Neslihan ve Ferithan İnal çiftinin 2 çocuğundan Ahmet Taha İnal, 2001’de beyin çevresinde aşırı sıvı birikmesi nedeniyle oluşan hidrosefali hastalığıyla dünyaya geldi. Hastalığı nedeniyle işitme ve görme kaybı yaşayan, mental retardasyon rahatsızlıkları da bulunan İnal, 8 yaşında satrançla tanıştı. Az işitip, görebilmesine rağmen ilkokul, ortaokul ve liseyi başarıyla bitiren İnal, katıldığı satranç turnuvalarında da önemli dereceler elde etti.

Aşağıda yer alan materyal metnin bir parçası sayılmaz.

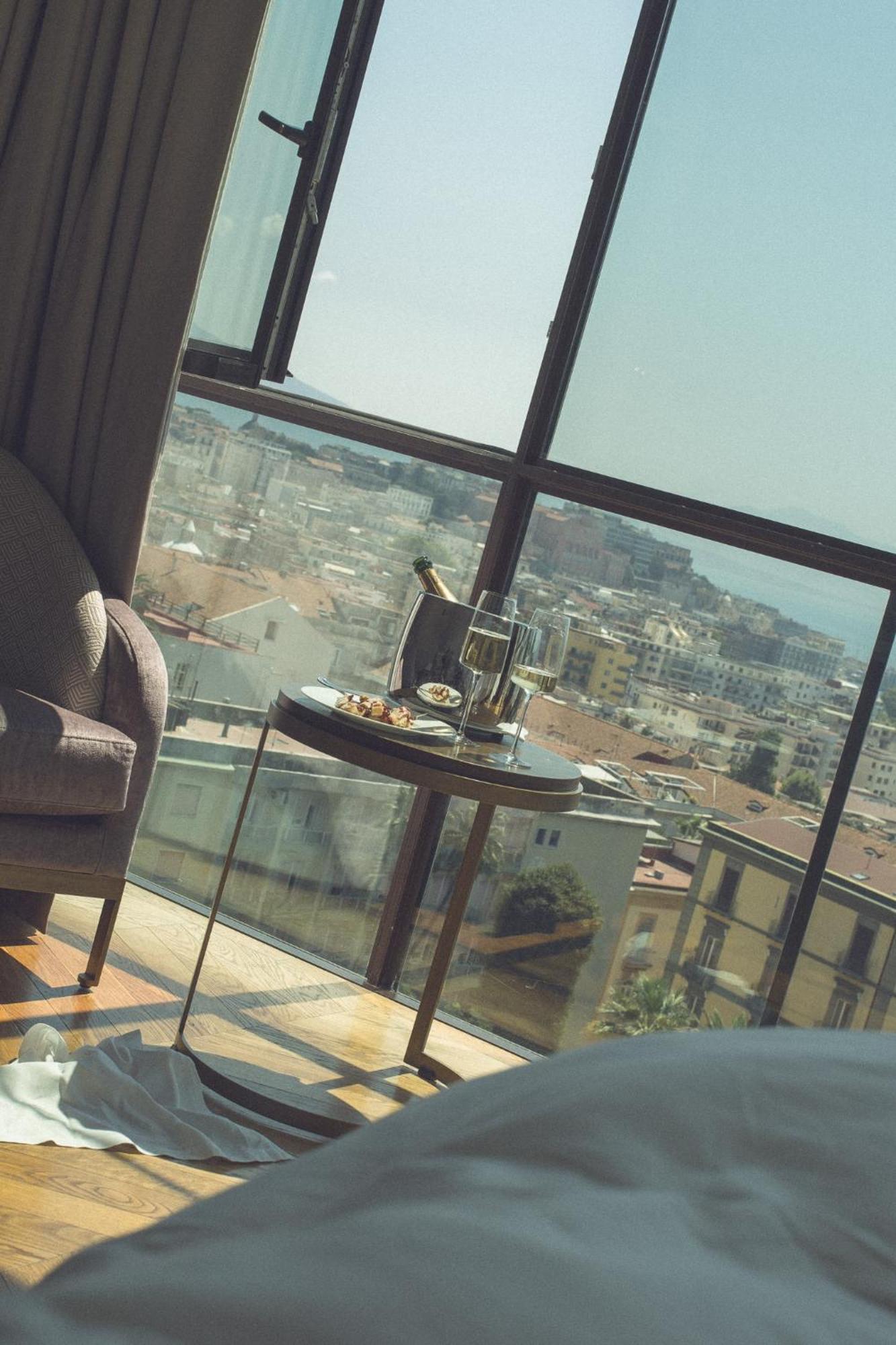 De Bonart Naples, Curio Collection By Hilton Hotel Екстериор снимка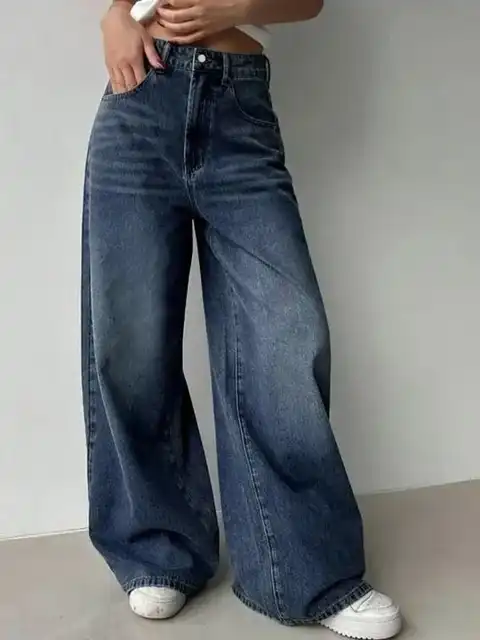 Black Wide Leg Jeans — view 4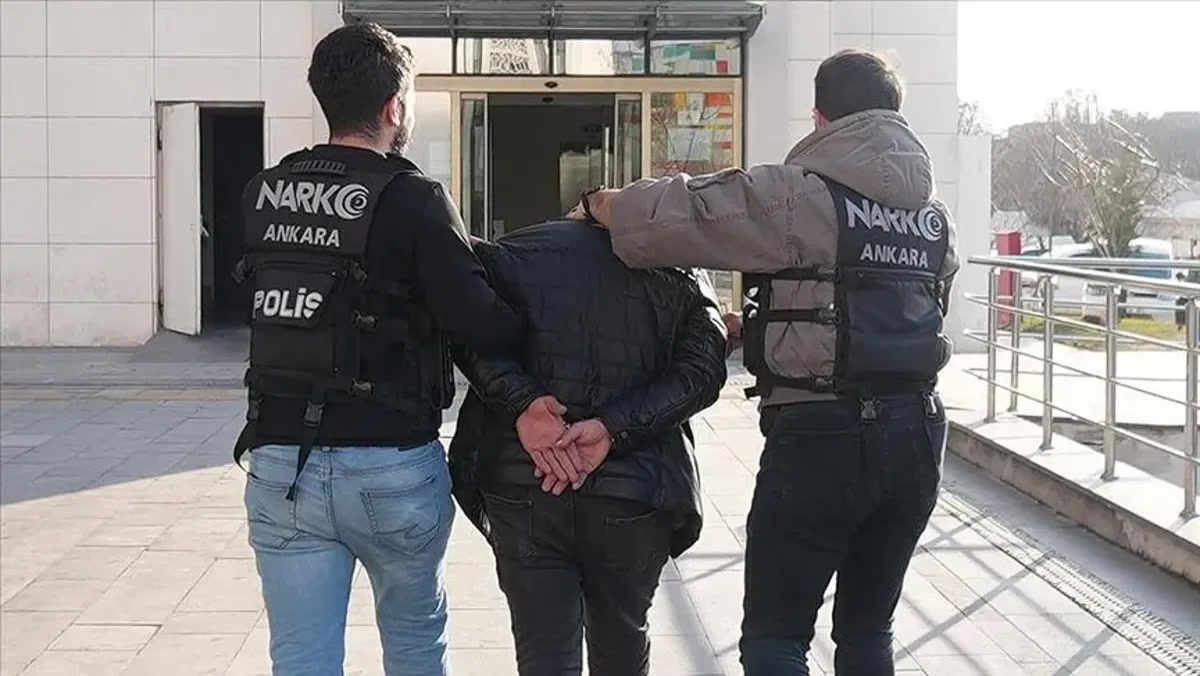 Ankara uyuşturucu operasyonunda 42 şüpheliden kaçı yakayı ele verdi?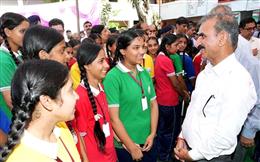 विद्यार्थियों ने बेबाकी से पूछे सवाल, मुख्यमंत्री ने दिए जवाब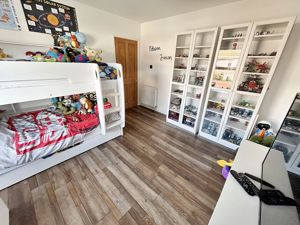 Bedroom- click for photo gallery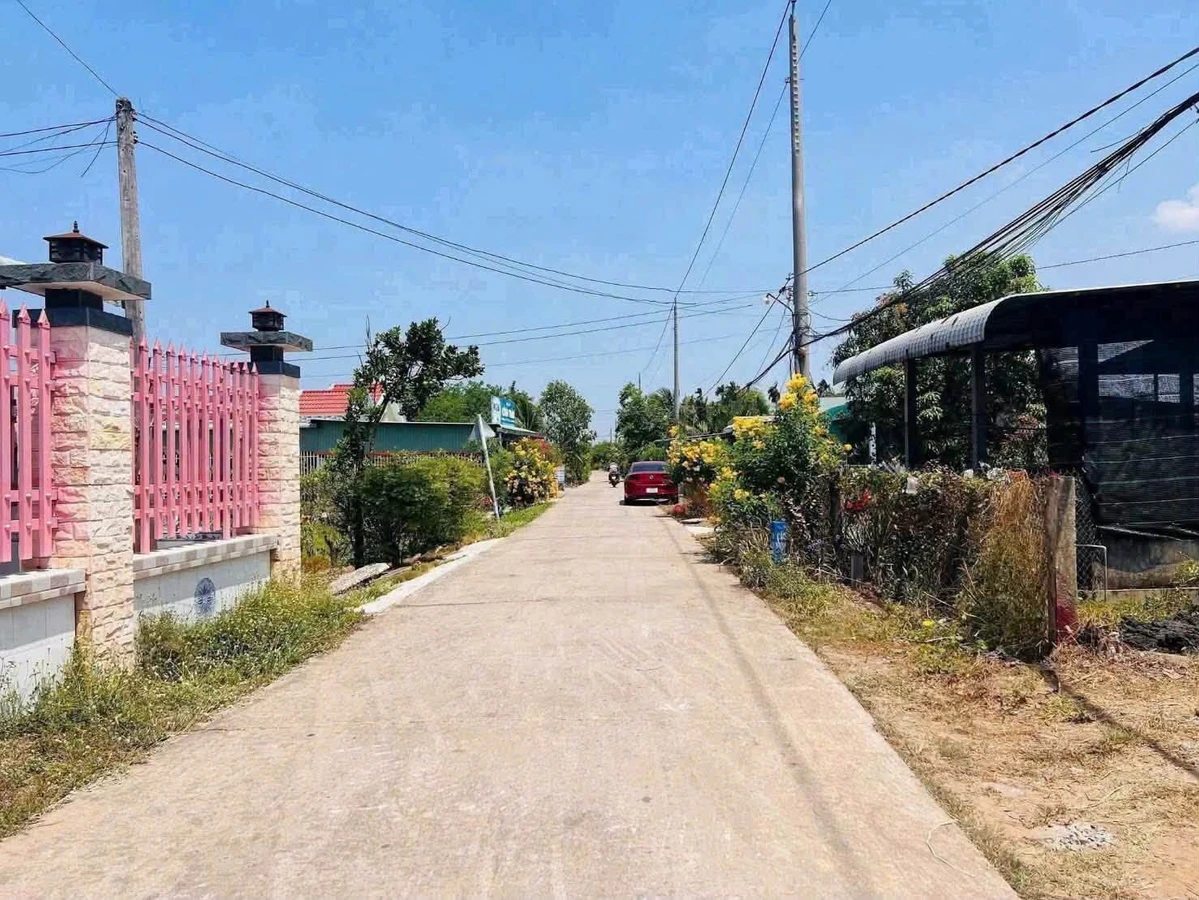 Bán nền đất thổ cư 165m² mặt tiền Lê Minh Xuân Tây Ninh - Ảnh 1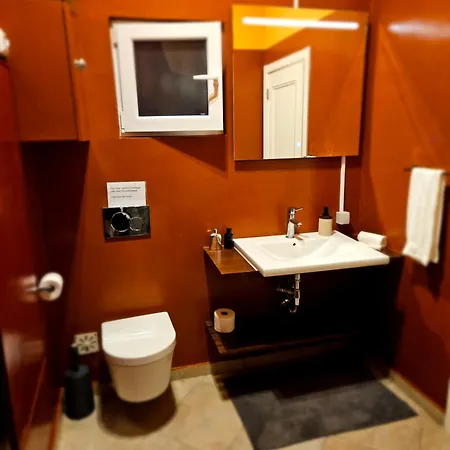 فيلة Yvonne,private Pool,private Parking 1,7 Km From The Beatch *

Şu anda Anadolu Üniversitesi Tarih Bölümü 2’nci sınıf öğrencisi olan İnal, Türkiye İşitme Engelliler Federasyonu’nun bu yıl açılan satranç bölümünde milli takıma seçilerek, 13-24 Eylül tarihleri arasında Polonya’da düzenlenen İşitme Engeliler Satranç Dünya Şampiyonası’nda 10’uncu oldu.
‘AVRUPA ŞAMPİYONASINDA İLK 3’E GİRMEK İSTİYORUM’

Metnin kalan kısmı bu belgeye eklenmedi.